Нет жалости во мне. Ни к сирым, ни к усердным. Казалось бы, в такой ситуации кого-нибудь да стоило бы пожалеть – героиню фильма «Дура», тридцатилетнюю дылду с развитием десятилетнего ребенка, что всю картину вопиет о сострадании, или сыгравшую ее актрису Оксану Коростышевскую, работу которой, я не сомневаюсь, можно сравнить с бегом на пятнадцать километров с полной боевой выкладкой. Или уж режиссера Максима Коростышевского, который, без сомнения, собрался всерьез въехать в большой кинематограф на своей «Дуре», как на белом коне.
Никого не жалко, никого — ни тебя, ни меня, ни его. Особенно вот его. Режиссера.
История Ульяны Тулиной, убогой, что родилась на свет с щипцами акушера на своей бедной голове, действительно очень жалкая история. Живет Ульяна с сестрой-близнецом, неудачливой и, очевидно, бездарной актрисой ТЮЗа, которая и жалеет заедающую ее жизнь Улю, и порой изрядно ее ненавидит. Оставим без внимания тот момент, что из одного близнеца выросла актриса Коростышевская, а из другого – актриса Мянник. Ну да ладно, Коростышевская не Джереми Айронс, две роли сразу не потянула, а муж ее не Кроненберг, это легко простить. Дальше пойдет такой ладный и гладкий беспредел, что это уж, ей-богу, пустяки. В квартиру двух перезревающих дев въезжает неудачливый писатель Мишкин, которому позарез нужно где-то жить, что-то есть, с кем-то спать и, разумеется, написать гениальный роман. С целью спать и прокормиться он выбирает сестру-актрису, а с целью написать – блаженную Ульяну. Он назначает ее своей музой и втихую пишет роман с нее. Уля любит весь белый свет, погибший СССР, депутата Митрофанова (почему сразу не президента Путина?), клеит коллажи в минуты подъема чувств, читает дамские романы и работает на фабрике по производству шампуней из плаценты. Дурочка влюбляется в писателя не на шутку и очень даже не прочь поделиться с ним самым дорогим, что есть у тридцатилетней девушки, что вызывает у ее сестры законное негодование.
Физиологизм всего происходящего не делает фильм ближе к реальности.
Хотя, казалось бы, весь этот мир полунищеты, ничтожества, безысходности, пьяных актеров ТЮЗа (в ТЮЗе отметились Ольга Волкова и Александр Балуев), бездарных писателей, неаппетитных потребностей плоти и их оправдывающих всхлипываний духа – все это могло бы увести картину к некоей привычной местной достоевщинке. Ан нет, от экрана во всю мощь несет какими-то устрашающе знакомыми и столь любезными Ульяне советскими запахами, когда творческая интеллигенция, может быть, забывает порой мыться и выкидывать за собой пепельницы, работает очень мало и плохо, зато почему-то твердо помнит, что она – соль, хлеб, колбаса, водка и тортик этой земли.

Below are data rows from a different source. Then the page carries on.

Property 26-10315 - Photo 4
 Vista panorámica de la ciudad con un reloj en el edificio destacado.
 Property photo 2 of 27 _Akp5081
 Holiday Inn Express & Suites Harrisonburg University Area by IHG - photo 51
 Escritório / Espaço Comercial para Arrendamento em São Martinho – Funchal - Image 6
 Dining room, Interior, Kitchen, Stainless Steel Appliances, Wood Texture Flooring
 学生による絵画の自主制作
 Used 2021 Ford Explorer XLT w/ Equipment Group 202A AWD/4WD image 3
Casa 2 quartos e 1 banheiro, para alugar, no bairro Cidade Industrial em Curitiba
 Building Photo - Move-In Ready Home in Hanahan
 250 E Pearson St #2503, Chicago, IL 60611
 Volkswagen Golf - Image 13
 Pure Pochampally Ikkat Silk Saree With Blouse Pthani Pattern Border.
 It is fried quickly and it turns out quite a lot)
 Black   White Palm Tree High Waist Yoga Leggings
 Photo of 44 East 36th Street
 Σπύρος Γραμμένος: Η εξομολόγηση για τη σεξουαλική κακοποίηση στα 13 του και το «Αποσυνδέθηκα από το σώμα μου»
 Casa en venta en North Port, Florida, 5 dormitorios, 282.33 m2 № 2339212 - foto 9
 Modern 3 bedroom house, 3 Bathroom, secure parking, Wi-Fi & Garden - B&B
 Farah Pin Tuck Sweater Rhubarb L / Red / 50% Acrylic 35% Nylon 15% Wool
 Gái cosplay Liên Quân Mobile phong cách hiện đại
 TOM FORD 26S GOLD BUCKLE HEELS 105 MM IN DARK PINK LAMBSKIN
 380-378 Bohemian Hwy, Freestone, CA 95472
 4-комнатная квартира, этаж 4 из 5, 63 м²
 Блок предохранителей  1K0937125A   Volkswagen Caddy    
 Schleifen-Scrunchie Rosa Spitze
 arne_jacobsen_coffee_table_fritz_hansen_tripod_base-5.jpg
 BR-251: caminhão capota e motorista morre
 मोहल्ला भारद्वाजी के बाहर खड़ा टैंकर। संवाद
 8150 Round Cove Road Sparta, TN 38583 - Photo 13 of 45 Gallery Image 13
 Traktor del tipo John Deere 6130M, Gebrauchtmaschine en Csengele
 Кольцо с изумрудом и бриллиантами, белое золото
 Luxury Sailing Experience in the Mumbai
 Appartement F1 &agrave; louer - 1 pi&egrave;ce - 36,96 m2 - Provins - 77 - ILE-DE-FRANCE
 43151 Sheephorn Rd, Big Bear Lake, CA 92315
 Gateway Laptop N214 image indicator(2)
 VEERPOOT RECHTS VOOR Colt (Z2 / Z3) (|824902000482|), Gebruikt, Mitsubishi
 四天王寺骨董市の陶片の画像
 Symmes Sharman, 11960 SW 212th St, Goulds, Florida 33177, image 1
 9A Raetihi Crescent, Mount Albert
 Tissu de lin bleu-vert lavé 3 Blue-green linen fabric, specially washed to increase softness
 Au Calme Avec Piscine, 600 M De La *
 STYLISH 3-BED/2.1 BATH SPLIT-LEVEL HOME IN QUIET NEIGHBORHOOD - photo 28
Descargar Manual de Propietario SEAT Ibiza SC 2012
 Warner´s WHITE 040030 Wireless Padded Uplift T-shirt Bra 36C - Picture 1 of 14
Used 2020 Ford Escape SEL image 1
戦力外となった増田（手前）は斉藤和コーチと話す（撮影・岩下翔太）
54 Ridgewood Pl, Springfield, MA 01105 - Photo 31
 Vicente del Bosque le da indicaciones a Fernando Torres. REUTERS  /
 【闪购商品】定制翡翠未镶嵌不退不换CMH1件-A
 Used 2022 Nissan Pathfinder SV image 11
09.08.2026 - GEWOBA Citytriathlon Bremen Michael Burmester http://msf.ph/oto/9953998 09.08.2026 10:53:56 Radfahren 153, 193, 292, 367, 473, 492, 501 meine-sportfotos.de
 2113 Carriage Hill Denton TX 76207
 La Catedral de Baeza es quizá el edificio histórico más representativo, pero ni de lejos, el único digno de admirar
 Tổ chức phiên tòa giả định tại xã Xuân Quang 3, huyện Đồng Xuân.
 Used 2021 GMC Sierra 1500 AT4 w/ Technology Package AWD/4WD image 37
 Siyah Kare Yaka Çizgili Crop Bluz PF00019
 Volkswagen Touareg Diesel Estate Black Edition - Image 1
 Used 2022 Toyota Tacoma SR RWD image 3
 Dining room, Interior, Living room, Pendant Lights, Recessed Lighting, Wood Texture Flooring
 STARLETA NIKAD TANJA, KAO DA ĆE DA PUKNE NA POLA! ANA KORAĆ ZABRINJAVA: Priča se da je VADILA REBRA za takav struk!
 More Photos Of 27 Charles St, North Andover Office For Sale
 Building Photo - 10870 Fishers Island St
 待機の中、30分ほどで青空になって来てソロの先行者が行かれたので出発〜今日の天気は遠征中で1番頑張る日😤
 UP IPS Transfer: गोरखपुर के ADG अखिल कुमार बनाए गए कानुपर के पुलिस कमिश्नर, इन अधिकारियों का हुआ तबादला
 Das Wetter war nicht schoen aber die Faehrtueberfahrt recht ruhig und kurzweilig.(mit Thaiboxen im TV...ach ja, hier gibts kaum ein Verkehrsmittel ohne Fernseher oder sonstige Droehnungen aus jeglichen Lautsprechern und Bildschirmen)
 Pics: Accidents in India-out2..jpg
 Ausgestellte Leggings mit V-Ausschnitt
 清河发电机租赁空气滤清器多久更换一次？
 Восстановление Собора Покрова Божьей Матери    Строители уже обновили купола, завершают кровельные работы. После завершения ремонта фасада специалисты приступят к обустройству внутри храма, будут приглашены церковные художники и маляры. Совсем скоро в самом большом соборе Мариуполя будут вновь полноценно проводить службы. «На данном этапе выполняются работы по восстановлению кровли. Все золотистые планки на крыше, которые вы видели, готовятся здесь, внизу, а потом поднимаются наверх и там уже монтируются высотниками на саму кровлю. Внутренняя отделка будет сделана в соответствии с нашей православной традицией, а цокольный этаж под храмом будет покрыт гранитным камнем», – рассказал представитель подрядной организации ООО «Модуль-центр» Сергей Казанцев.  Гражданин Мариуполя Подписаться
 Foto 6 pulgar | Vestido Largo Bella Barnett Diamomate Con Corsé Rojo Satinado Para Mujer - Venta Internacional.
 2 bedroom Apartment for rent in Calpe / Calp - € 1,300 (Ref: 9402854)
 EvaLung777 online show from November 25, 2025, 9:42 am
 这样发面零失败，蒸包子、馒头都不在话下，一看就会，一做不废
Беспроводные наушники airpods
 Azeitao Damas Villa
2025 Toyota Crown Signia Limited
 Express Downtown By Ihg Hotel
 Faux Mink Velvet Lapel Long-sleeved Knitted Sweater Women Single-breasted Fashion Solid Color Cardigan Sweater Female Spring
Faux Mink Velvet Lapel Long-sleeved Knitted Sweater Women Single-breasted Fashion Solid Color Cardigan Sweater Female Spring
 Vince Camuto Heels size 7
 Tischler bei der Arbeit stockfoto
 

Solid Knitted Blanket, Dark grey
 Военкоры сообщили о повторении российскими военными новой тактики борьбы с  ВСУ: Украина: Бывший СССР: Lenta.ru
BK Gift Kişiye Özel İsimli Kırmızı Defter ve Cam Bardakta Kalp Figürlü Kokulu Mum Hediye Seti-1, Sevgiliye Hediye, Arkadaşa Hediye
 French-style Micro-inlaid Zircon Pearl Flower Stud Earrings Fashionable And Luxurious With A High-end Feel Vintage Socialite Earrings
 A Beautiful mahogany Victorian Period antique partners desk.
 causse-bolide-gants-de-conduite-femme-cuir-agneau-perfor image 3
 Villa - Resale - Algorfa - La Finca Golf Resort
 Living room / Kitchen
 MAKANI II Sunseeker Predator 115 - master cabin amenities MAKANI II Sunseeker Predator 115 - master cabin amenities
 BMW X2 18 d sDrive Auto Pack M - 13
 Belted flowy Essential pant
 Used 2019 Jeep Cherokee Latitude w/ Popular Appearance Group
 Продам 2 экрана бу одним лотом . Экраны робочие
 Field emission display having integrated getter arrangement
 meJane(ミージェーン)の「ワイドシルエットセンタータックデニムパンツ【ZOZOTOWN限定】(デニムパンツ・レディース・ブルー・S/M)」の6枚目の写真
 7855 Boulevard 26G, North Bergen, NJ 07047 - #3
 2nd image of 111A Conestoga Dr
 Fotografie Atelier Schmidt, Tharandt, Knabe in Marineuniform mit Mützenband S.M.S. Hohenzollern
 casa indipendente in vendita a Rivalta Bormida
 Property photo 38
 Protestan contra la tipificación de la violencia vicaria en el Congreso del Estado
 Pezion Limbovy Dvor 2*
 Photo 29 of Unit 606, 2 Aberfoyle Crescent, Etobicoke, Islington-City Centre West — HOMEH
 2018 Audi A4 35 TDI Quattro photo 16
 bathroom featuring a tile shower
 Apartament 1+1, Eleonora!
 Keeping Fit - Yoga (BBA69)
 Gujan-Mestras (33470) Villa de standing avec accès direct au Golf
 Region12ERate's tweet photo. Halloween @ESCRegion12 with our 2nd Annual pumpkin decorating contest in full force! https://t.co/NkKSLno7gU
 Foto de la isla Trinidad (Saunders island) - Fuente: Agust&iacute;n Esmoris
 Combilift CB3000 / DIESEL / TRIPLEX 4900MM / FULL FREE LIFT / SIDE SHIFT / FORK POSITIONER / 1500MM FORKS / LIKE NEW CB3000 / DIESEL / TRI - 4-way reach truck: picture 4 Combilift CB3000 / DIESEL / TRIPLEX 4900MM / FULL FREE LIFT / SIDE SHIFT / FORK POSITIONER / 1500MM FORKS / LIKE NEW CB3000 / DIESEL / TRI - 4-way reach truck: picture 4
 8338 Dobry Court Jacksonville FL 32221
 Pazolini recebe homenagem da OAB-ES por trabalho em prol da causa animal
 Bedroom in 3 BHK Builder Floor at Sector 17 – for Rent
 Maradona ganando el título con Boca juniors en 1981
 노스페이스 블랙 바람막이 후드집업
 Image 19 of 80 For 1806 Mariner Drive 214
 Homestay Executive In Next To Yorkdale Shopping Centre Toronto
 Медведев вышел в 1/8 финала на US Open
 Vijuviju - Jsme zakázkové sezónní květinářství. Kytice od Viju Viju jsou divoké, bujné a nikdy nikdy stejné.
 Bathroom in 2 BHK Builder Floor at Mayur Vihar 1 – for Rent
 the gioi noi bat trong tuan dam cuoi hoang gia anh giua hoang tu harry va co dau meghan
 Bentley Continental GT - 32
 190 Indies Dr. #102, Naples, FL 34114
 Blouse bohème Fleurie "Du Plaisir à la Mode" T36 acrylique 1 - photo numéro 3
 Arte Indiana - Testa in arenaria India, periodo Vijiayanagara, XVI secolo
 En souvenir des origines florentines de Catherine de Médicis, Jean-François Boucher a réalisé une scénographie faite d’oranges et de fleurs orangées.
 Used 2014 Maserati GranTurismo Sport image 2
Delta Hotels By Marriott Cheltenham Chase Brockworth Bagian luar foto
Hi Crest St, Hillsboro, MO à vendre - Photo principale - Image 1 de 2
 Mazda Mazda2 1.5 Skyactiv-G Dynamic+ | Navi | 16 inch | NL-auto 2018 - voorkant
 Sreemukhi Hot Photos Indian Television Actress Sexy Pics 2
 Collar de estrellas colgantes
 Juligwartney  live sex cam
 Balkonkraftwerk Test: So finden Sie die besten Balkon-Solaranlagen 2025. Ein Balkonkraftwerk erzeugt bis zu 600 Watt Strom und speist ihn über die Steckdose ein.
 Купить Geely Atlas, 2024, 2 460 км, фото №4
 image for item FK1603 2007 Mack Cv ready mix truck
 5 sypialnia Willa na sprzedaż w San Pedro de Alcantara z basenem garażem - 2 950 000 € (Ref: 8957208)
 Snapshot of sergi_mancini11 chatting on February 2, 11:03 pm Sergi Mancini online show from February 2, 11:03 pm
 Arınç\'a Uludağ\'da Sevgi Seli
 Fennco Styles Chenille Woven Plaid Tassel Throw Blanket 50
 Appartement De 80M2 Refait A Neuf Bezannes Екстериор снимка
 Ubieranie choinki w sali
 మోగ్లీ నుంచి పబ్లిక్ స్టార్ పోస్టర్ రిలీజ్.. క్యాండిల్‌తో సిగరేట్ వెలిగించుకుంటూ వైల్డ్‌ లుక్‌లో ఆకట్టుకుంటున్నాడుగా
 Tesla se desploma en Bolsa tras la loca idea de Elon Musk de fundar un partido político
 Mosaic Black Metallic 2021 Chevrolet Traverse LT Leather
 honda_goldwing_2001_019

Будь такая картина по-перестрочному или по-петрушевски чернушной, это была бы по-своему недурная картина.
Но в грязь больного коммунально-инцестуального быта льется синтетический клубничный сироп бытия, а вместе это составляет уж вовсе тошнотворное блюдо. Безвкусию режиссера не помогает ни честный перформанс ведущей актрисы, ни удачные моменты, которые в фильме, почти к сожалению, все-таки присутствуют. Когда осатаневшая от Ульяниных претензий на любовника сестра приводит в дом своего сослуживца-актера, выпивоху и бабника, чтобы он блаженную как следует отодрал, здесь, знаете, чувствительного человека может и стошнить. А когда дурочка устраивает ему веселое представление с переодеваниями, беспринципный зритель может на минуту и развеселиться. Но в картине нет и намека на материал, который мог бы послужить проводником состраданию.
Как это ни странно, будь режиссер поциничней, это сыграло бы ему хорошую службу, он сумел бы ободрать своих героев до костей, до конца, и зрителю бы волей-неволей пришлось бы к ним приглядеться.
Но очевидно, что сегодня законопослушные и либерально обученные граждане готовы к сирым присматриваться, признавать их равные права, но никаких этих крайностей – добивать или подавать. И сытый этот гуманизм выглядит почище любого уродства.
Милость к падшим можно призывать с 21 июля в кинотеатрах «Горизонт», «Пять звезд», «Пять звезд — Рио», «Фитиль», сети «Формула кино».